Exercise objective >> All entries below are to be returned exactly, with pictures left out.

Record extracts >>
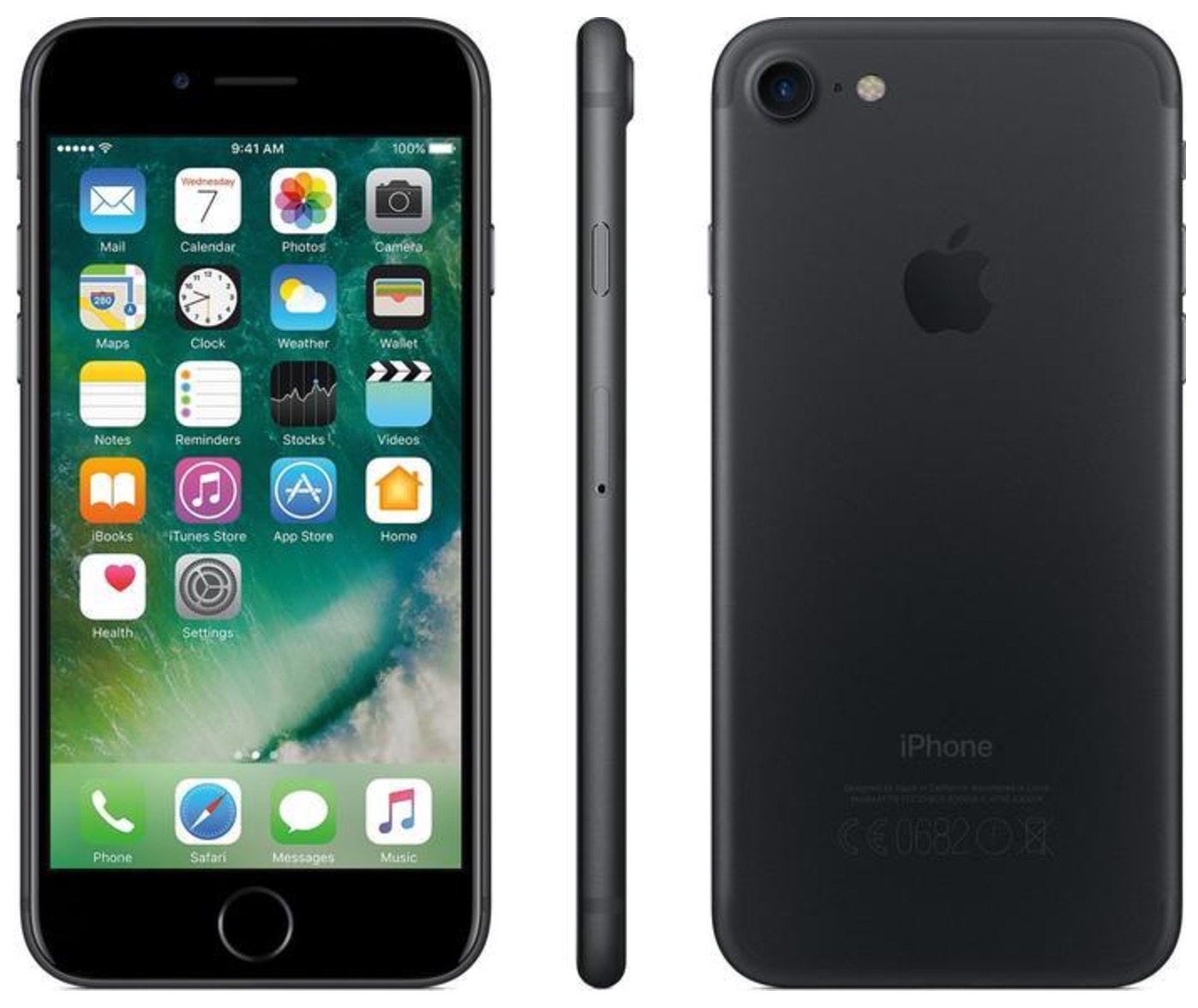 Knaller! Apple iPhone 7 32GB + Otelo Allnet-Flat XL für nur eff. mtl. 6,41 Euro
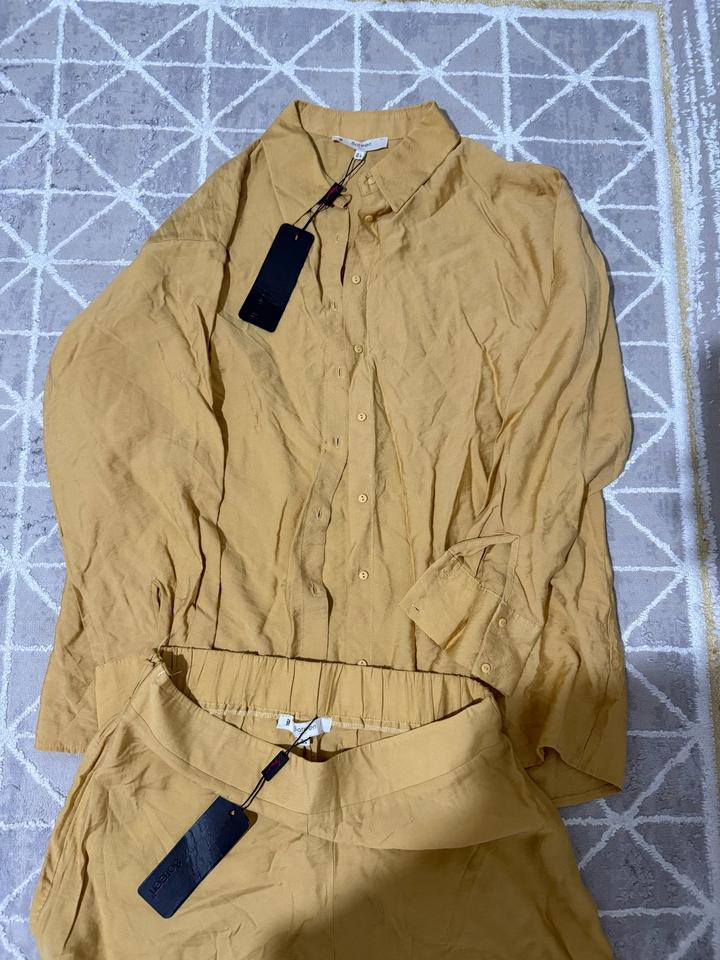 sateen Костюм двойка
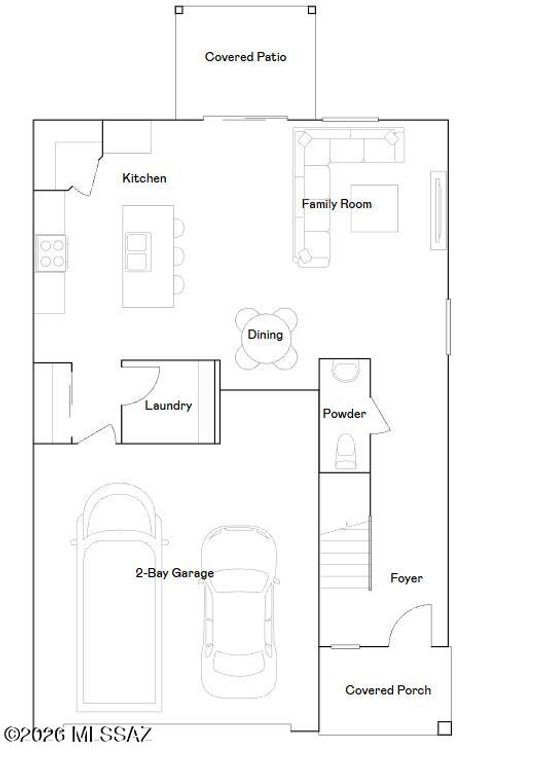 11471 W Red Admiral Street, Marana, AZ 85653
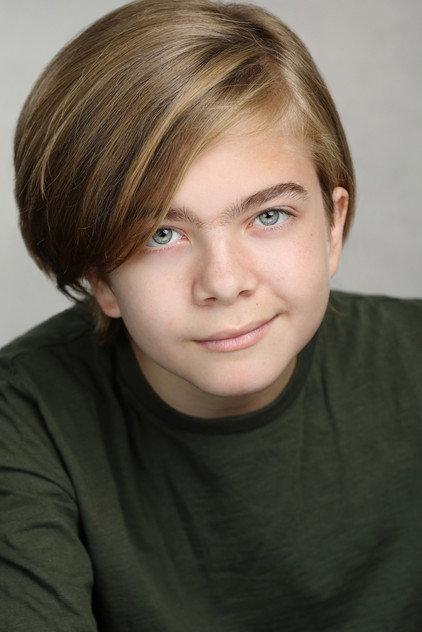 Joel Dawson - Actor Profile Photo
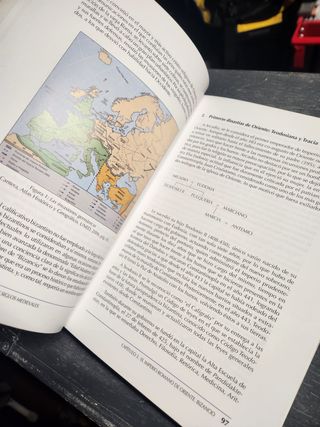 Europa y el Mediterráneo en los siglos medievales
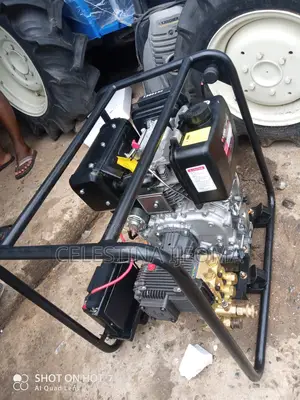 Diesel Pressure Washer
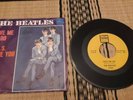 The Beatles LOVE ME DO P.S. I Love You RARE TOLLIE PICTURE SLEEVE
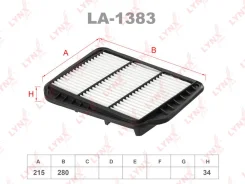 ��������� ������ ��� Chevrolet Lacetti, Chevrolet Nubira, Daewoo Nexia LYNXauto LA-1383 LA1383 ����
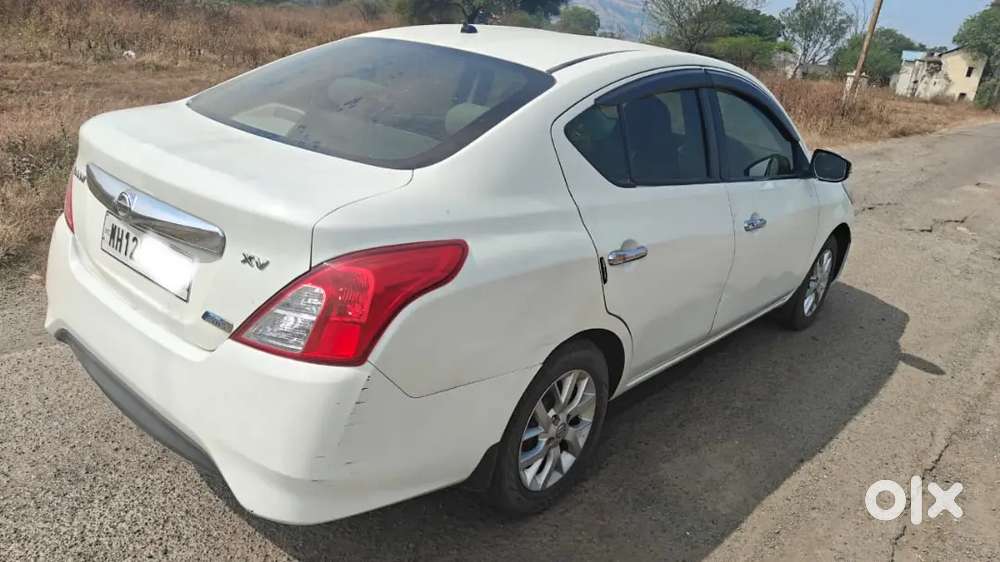 Nissan Sunny 2015 Diesel Good Condition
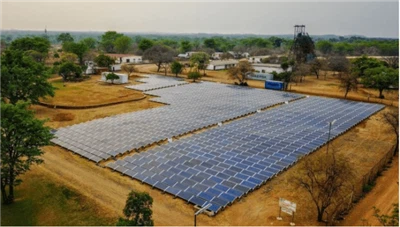 IEA spája sily s Africkou rozvojovou bankou na podporu rozvoja čistej energie...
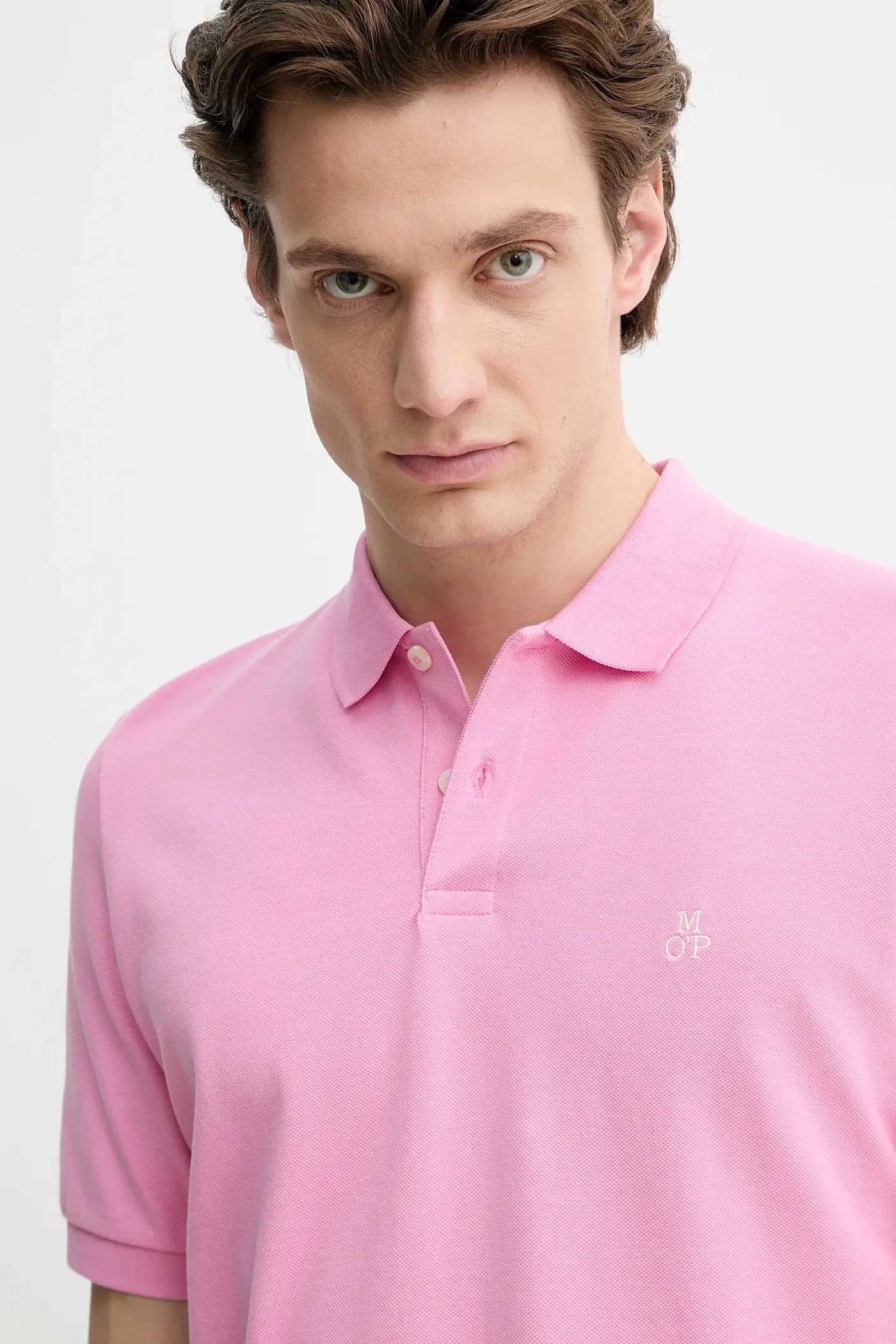 Хлопковое поло - фото 4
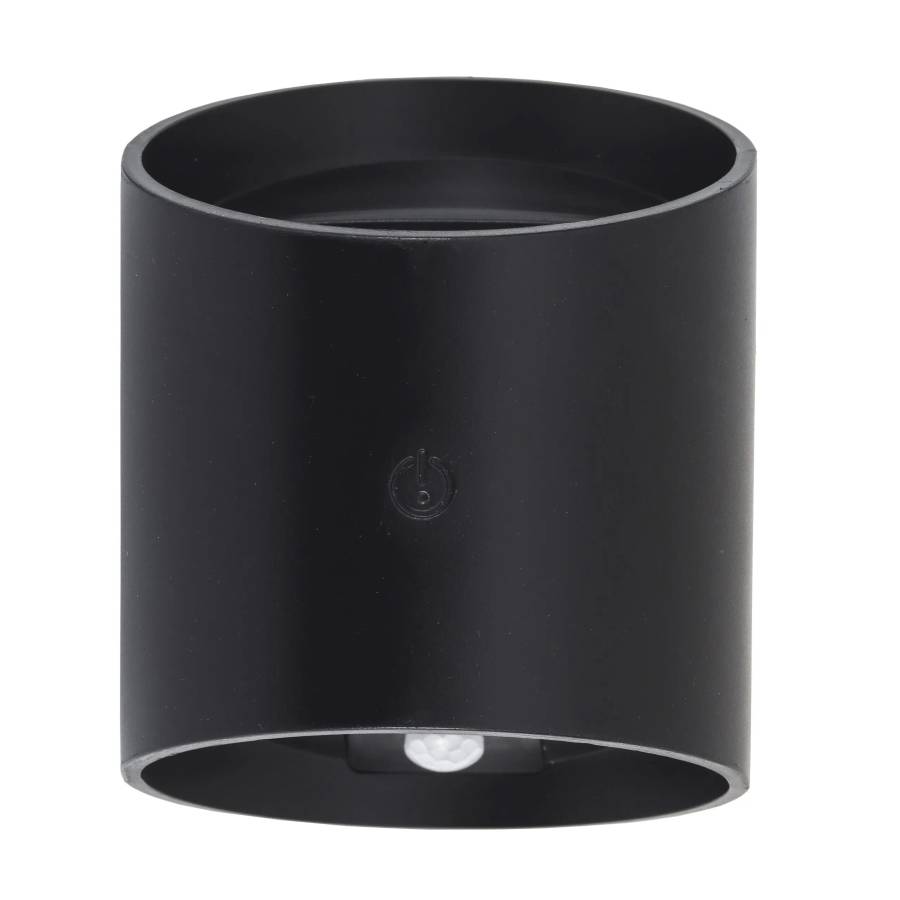 ARANDELA AURA 4W RECARREGÁVEL COM SENSOR DE MOVIMENTO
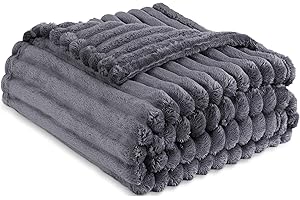 LETALONG 59"x40" Pet Blanket, Extra Large Fleece Throw Blanket for Dogs & Indoor Cats, Washable Soft Dog Blanket for Couch, Fluffy Furniture Protector Cover for Small Medium Large Dogs Cats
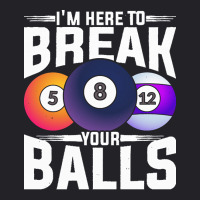 Billiard T  Shirt8 Ball Pool Player Funny Snooker Billiard T  Shirt Youth Tee | Artistshot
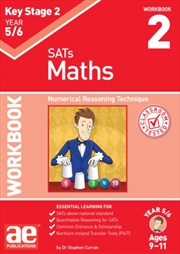 Buy Ks2 Maths Year 5/6 Workbook 2 : Numerical Reasoning Technique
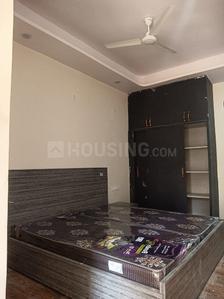 Bedroom Image of 1562 Sq.ft 3 BHK Independent House for rent in Sector 7 Gurgaon for Rs. 30000
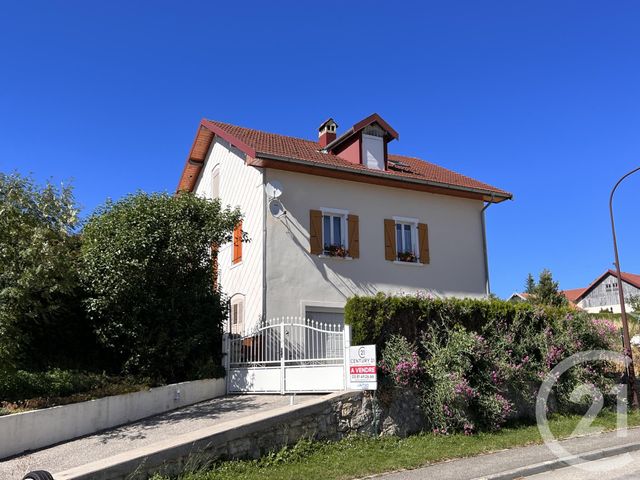 maison à vendre - 8 pièces - 158.0 m2 - LABERGEMENT STE MARIE - 25 - FRANCHE-COMTE - Century 21 Avenir Immobilier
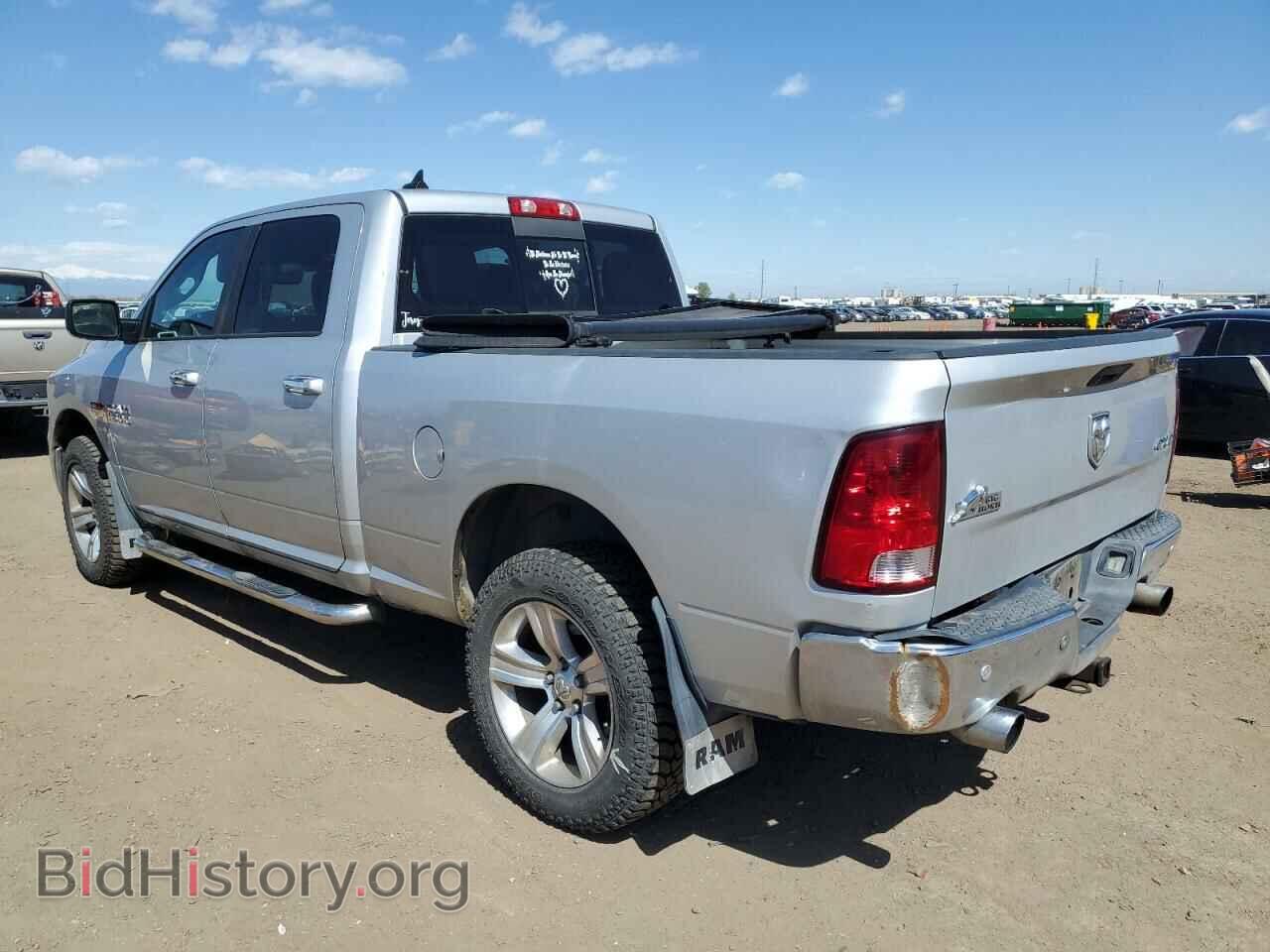 2014 RAM 1500 - VIN: 1C6RR7TM2ES423041 - Фото 2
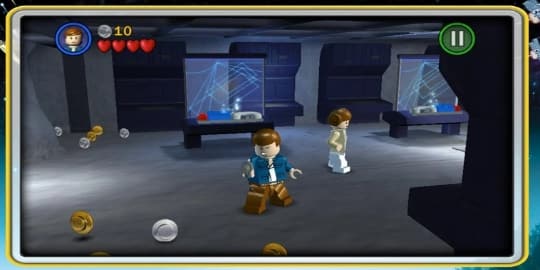 LEGO® Star Wars™:  TCS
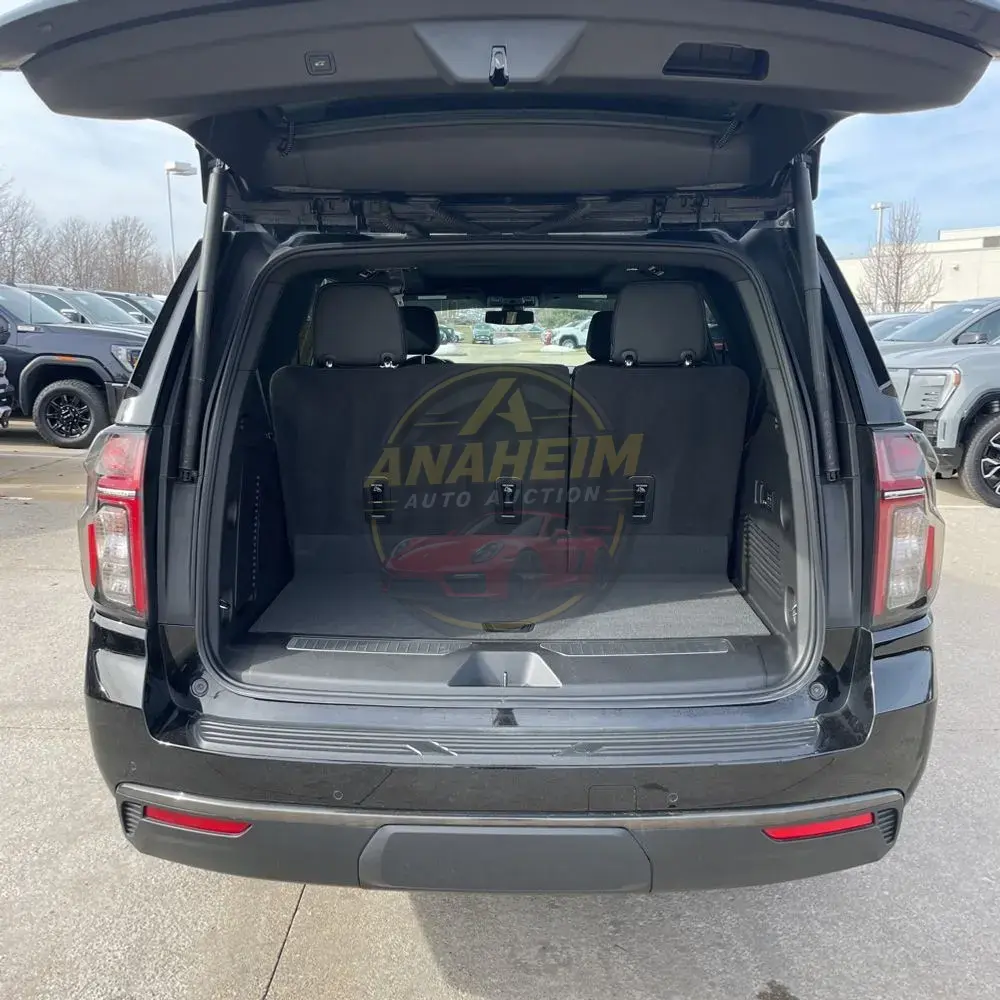 2022 Chevrolet Tahoe Z71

Output of the task >>
 Knaller! Apple iPhone 7 32GB + Otelo Allnet-Flat XL für nur eff. mtl. 6,41 Euro
 sateen Костюм двойка
 11471 W Red Admiral Street, Marana, AZ 85653
 Joel Dawson - Actor Profile Photo
 Europa y el Mediterráneo en los siglos medievales
 Diesel Pressure Washer
 The Beatles LOVE ME DO P.S. I Love You RARE TOLLIE PICTURE SLEEVE
 ��������� ������ ��� Chevrolet Lacetti, Chevrolet Nubira, Daewoo Nexia LYNXauto LA-1383 LA1383 ����
 Nissan Sunny 2015 Diesel Good Condition
 IEA spája sily s Africkou rozvojovou bankou na podporu rozvoja čistej energie...
 Хлопковое поло - фото 4
 ARANDELA AURA 4W RECARREGÁVEL COM SENSOR DE MOVIMENTO
 LETALONG 59"x40" Pet Blanket, Extra Large Fleece Throw Blanket for Dogs & Indoor Cats, Washable Soft Dog Blanket for Couch, Fluffy Furniture Protector Cover for Small Medium Large Dogs Cats
 Billiard T  Shirt8 Ball Pool Player Funny Snooker Billiard T  Shirt Youth Tee | Artistshot
 Buy Ks2 Maths Year 5/6 Workbook 2 : Numerical Reasoning Technique
 Bedroom Image of 1562 Sq.ft 3 BHK Independent House for rent in Sector 7 Gurgaon for Rs. 30000
 maison à vendre - 8 pièces - 158.0 m2 - LABERGEMENT STE MARIE - 25 - FRANCHE-COMTE - Century 21 Avenir Immobilier
 2014 RAM 1500 - VIN: 1C6RR7TM2ES423041 - Фото 2
 LEGO® Star Wars™:  TCS
 2022 Chevrolet Tahoe Z71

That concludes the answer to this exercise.